Inevitably, there will come a time in your life when you stop scrambling, when you can finally take a breath from just keeping your head above water, children fed, housed, educated and off your hands, paying down debt, a retirement planned for, and maybe you want to start thinking about the inevitable – what am I going to leave behind.
Legacy is the total impact of your life that continues after you are gone: the money and assets you leave, the values and stories you pass on, the relationships you shape, and the opportunities you create for others. In other words, legacy is not just what people inherit; it is what they remember, what they have learned from you, and what in their lives is better because you were here. This series (which I will be turning into an eBook as I did with my Planning series – still available free on request) explores brainstorming and planning for a legacy – and how to start implementing it decades in advance.

My father had a very clear idea of what a financial legacy meant, which he communicated to us kids early on (something I highly recommend). He told us that he would fund as much education as we wanted – that was his legacy, and we knew that it might come at a cost to our potential inheritance, and if we didn’t ‘use it’, we’d ‘lose it’. His goal was to have financially independent and well-qualified children – irrespective of gender (not always a given for someone from the Silent Generation). My grandmother (my father’s mother) had a very similar philosophy, and all her children (one boy, 3 girls) had tertiary education – quite unusual in the 1940s and 1950s, but she was an extraordinary person with ‘feminist’ values which were not common, nor popular, at the time.

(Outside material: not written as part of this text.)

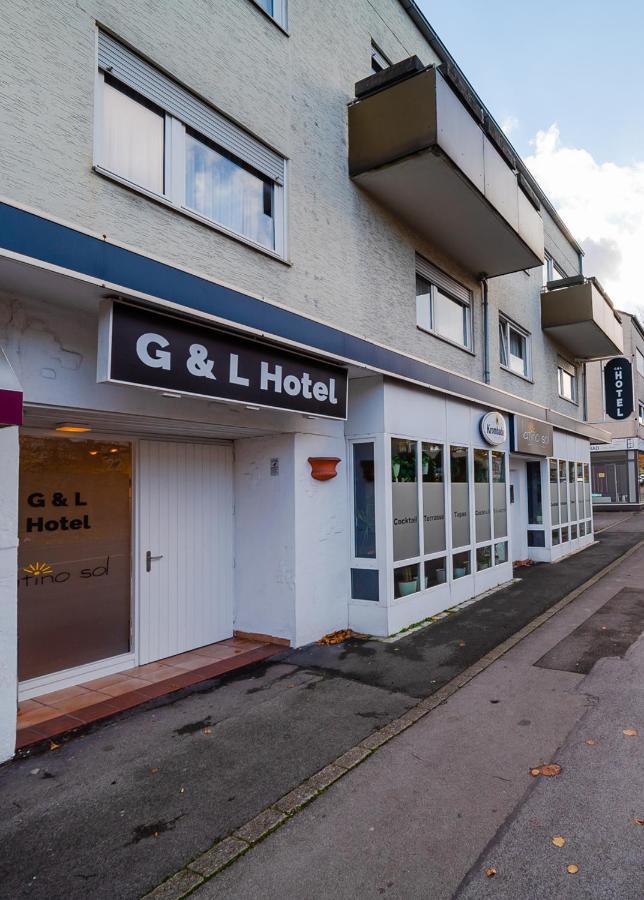 G & L Hotel Dortmund Bagian luar foto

This is a testament to the power of a clearly communicated and executed legacy that can survive generations.
This was not really a financial legacy, and getting a financial legacy to continue to subsequent generations is much more difficult (I will be going into this in subsequent posts – if you don’t want to miss any of my posts, let me know and I will put you on my database).

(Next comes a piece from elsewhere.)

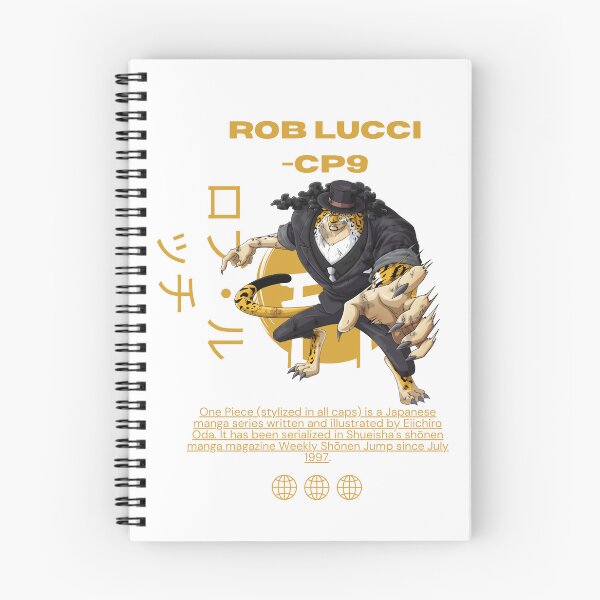 Item preview, Rob Lucci CP9 designed and sold by Anno Meister.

Your Will and estate are probably the first part of your financial legacy, so a good place to start. Your financial planner has probably done at least the semblance of one, even if it’s just to make sure you leave your dependents in good standing.
Your Will is very important. This is the tool that will shape your financial legacy after you’re gone, and a good place to start thinking about the direction you want to take. Without it, you’re leaving the decisions around your estate to the ‘intestate laws of succession’. The principles of that have been around since 450 BCE and have evolved through ‘Roman’ law to ‘Dutch Law’ and beyond. I could write a whole post on the nuances of this law (and bore you all to death), but let me put in black and white the one clause that normally causes the most problems. If a married person (ANC no accrual) with children dies without a Will, then his or her spouse will get R250k, or a child’s share, whichever is the greater. In smaller estates, this can leave a spouse almost destitute unless the children voluntarily ‘repudiate’ their share in favour of the spouse. I have actually seen this happen – in that case, only one of the children repudiated their spare, the other said that her mother could ask for money when she needed it. Her mother and father had been barely scraping by as it was, and this led to a permanent family rift.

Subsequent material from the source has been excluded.